DE FACTO ANTI-STANDARD
To understand the significance of Trix philosophy you have to understand
that Trix is a language designed to capitalize on a moment in the history
of an emerging industry. By way of comparison, Basic became a de facto
standard in the personal computer industry in large part because it was
introduced at a critical moment in that industry's early stages. It had
an enormous impact, setting not only a standard but also a tenor, a sort
of aesthetic. As McLuhan said, the medium is the message, and Basic
preached a philosophy of exclusion: "You will speak and do as I do."
Imagine the impact a language like Trix might have had, with its
underlying organic and multicultural philosophy that says "You can adapt
to any language or environment."
My vision for Trix was never to create a de facto standard for the
cyberspace industry, but rather to create a de facto ANTI-standard that
enables people to contend with and exploit diversity.
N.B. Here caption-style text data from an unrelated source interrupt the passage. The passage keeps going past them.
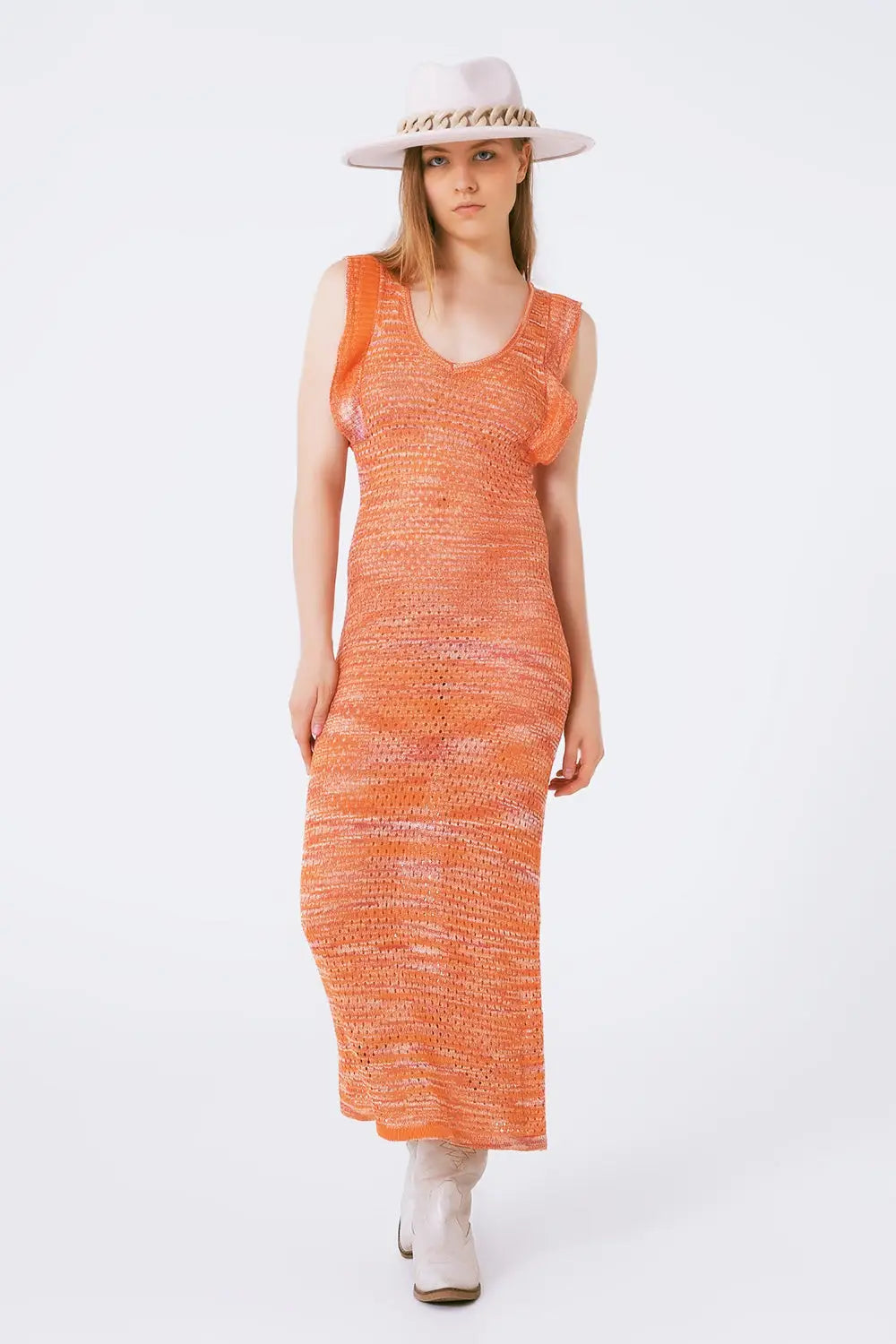 Knitted Long Dress With Chest Ruffle in Melange Orange - ORANGE / ONE - Dresses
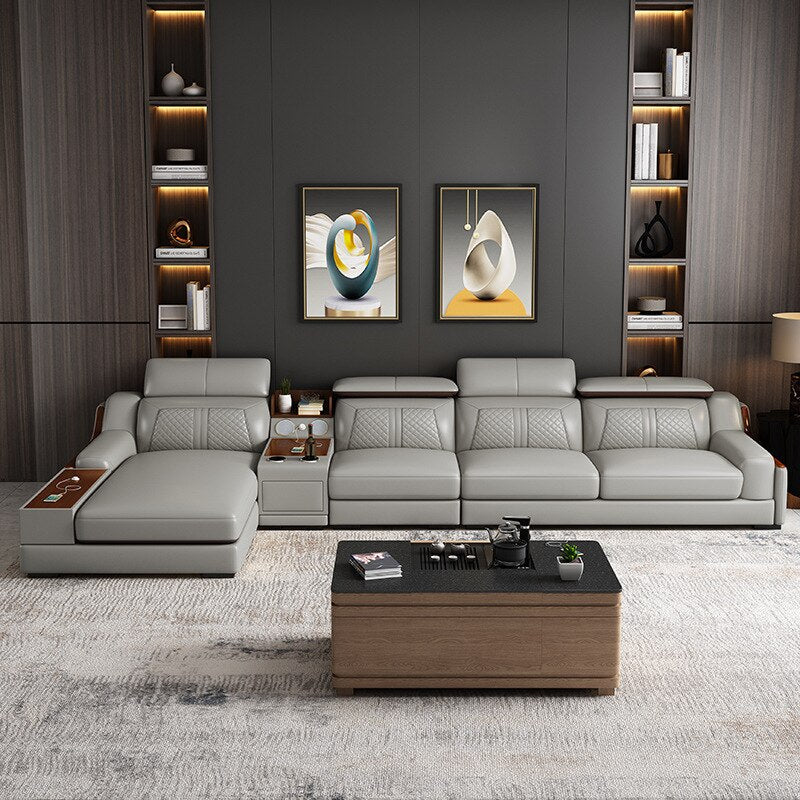 Luxury Multifunctional Elite Elegance Leather Sofa Set - Image 1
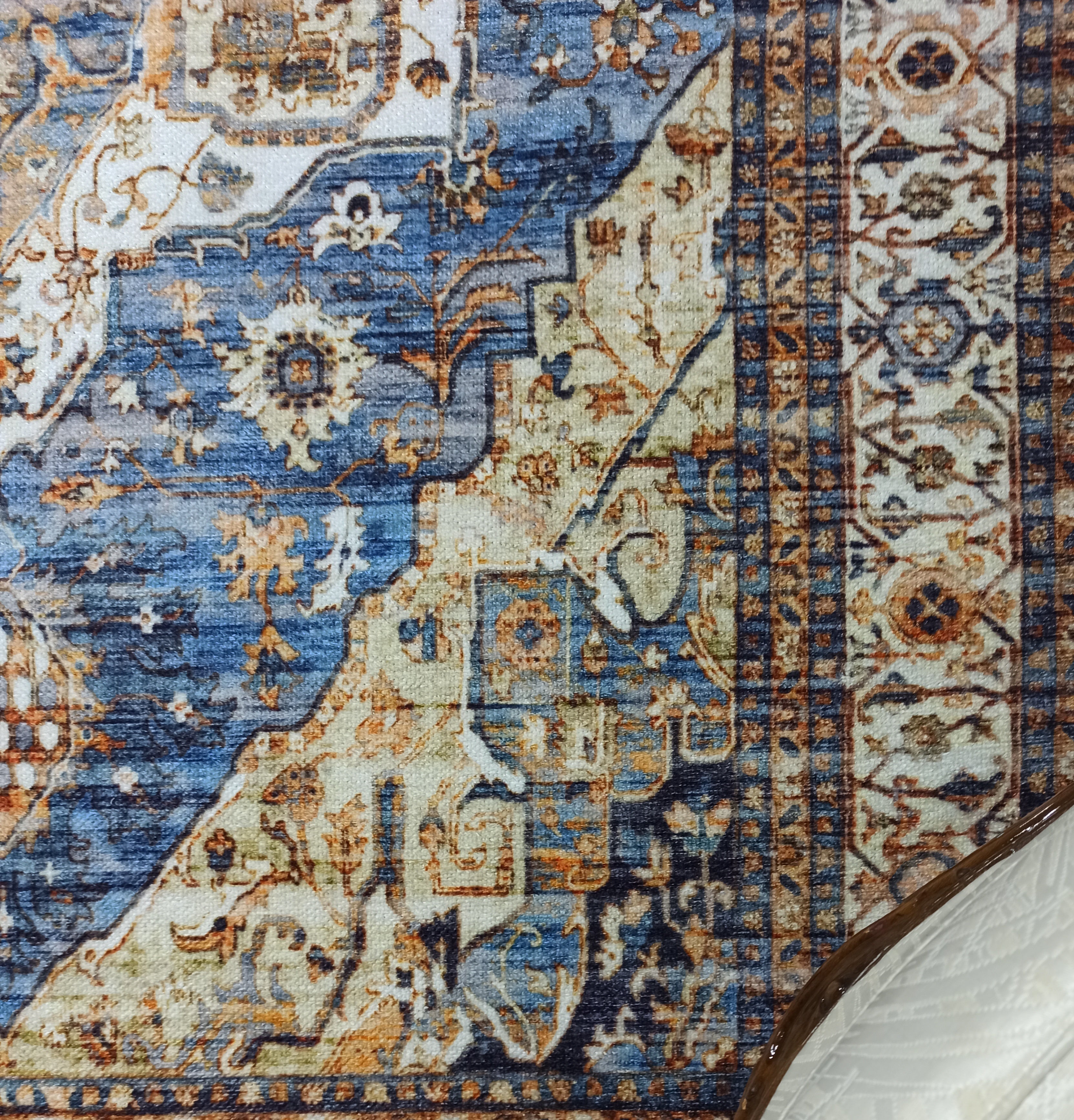 Nuran Turkish Vintage Medallion Style Brown Navy Blue Rug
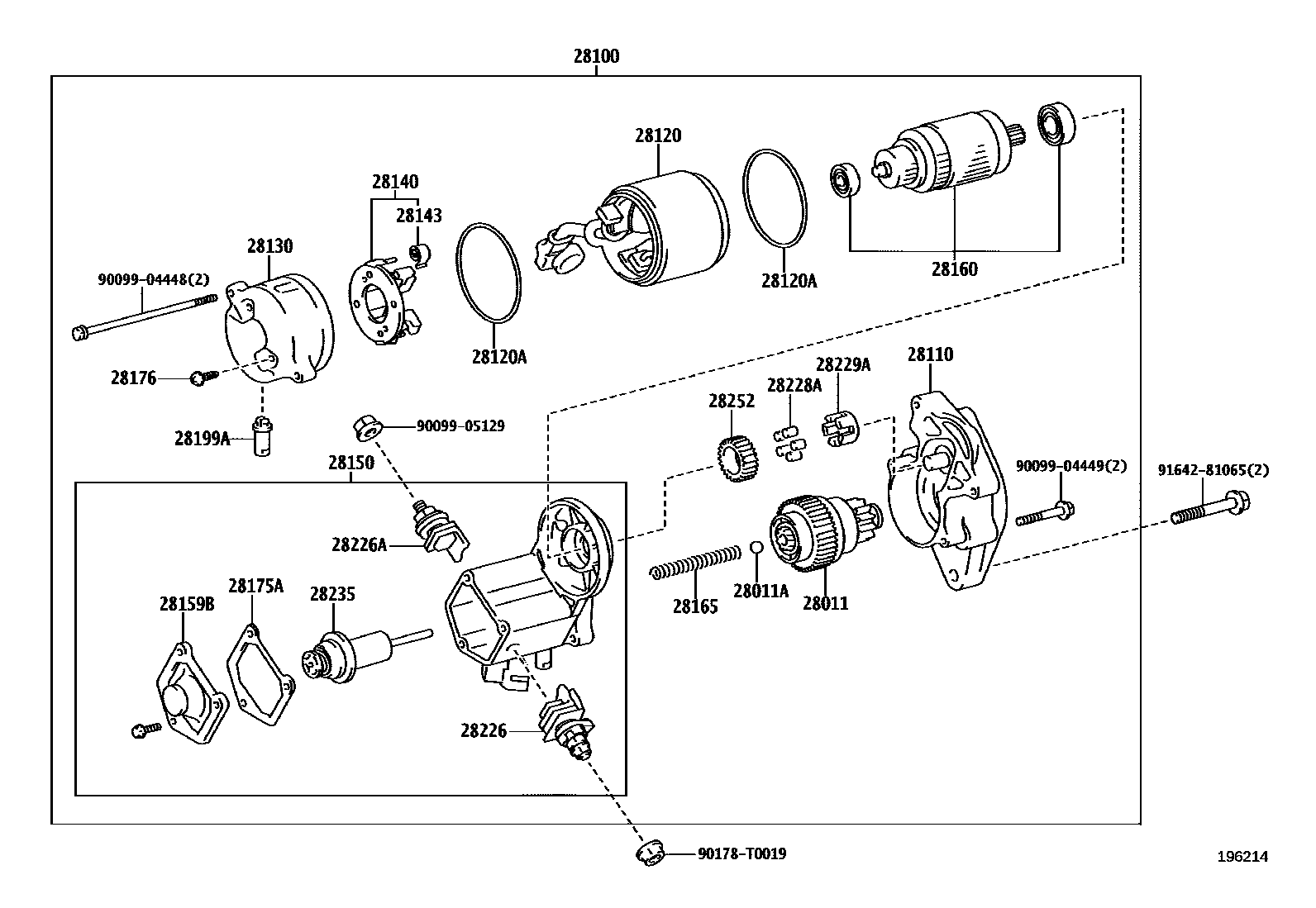 Toyota HILUX 起动机 EPC diagram — 196214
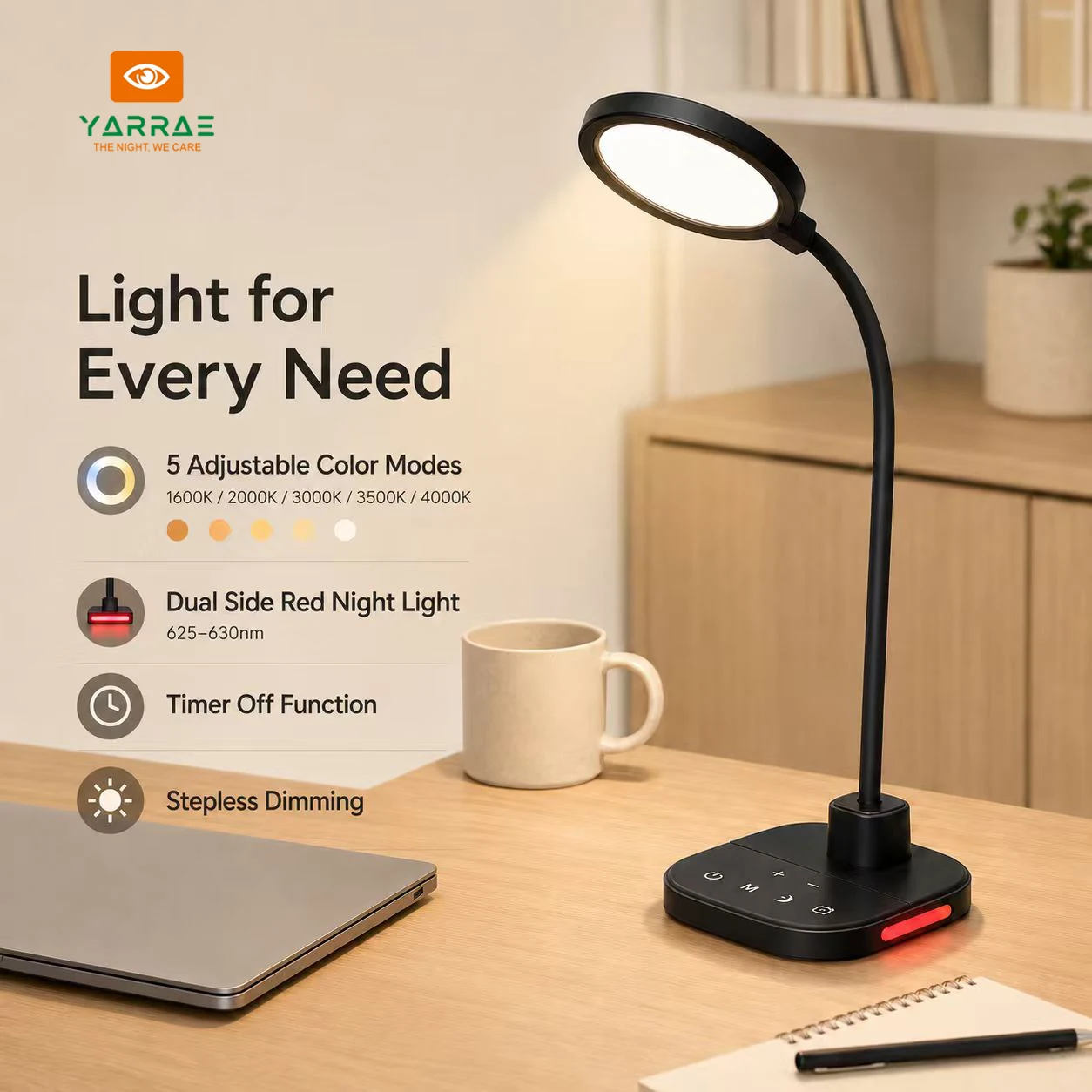 LED Table Lamp Adjustable 5 Color Modes Dimmable Brightness Home Desk Reading Lamp with Auto Timer Off Function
This may seem to
be a prescription for anarchy to those playing the old game who believe
companies should attempt to dominate by setting up a camp (a standard)
and then cajoling as many people as possible to join it. But Trix was
not designed to help Autodesk dominate. It was designed to help Autodesk
thrive in an ever-changing, fast-paced, and increasingly diverse set of
marketplaces. Standards and dominant players will come and go, but
those who survive will accept diversity as a fact of life. Those who
thrive will be adept at adapting to the ways and requirements of any
market or situation that presents an opportunity.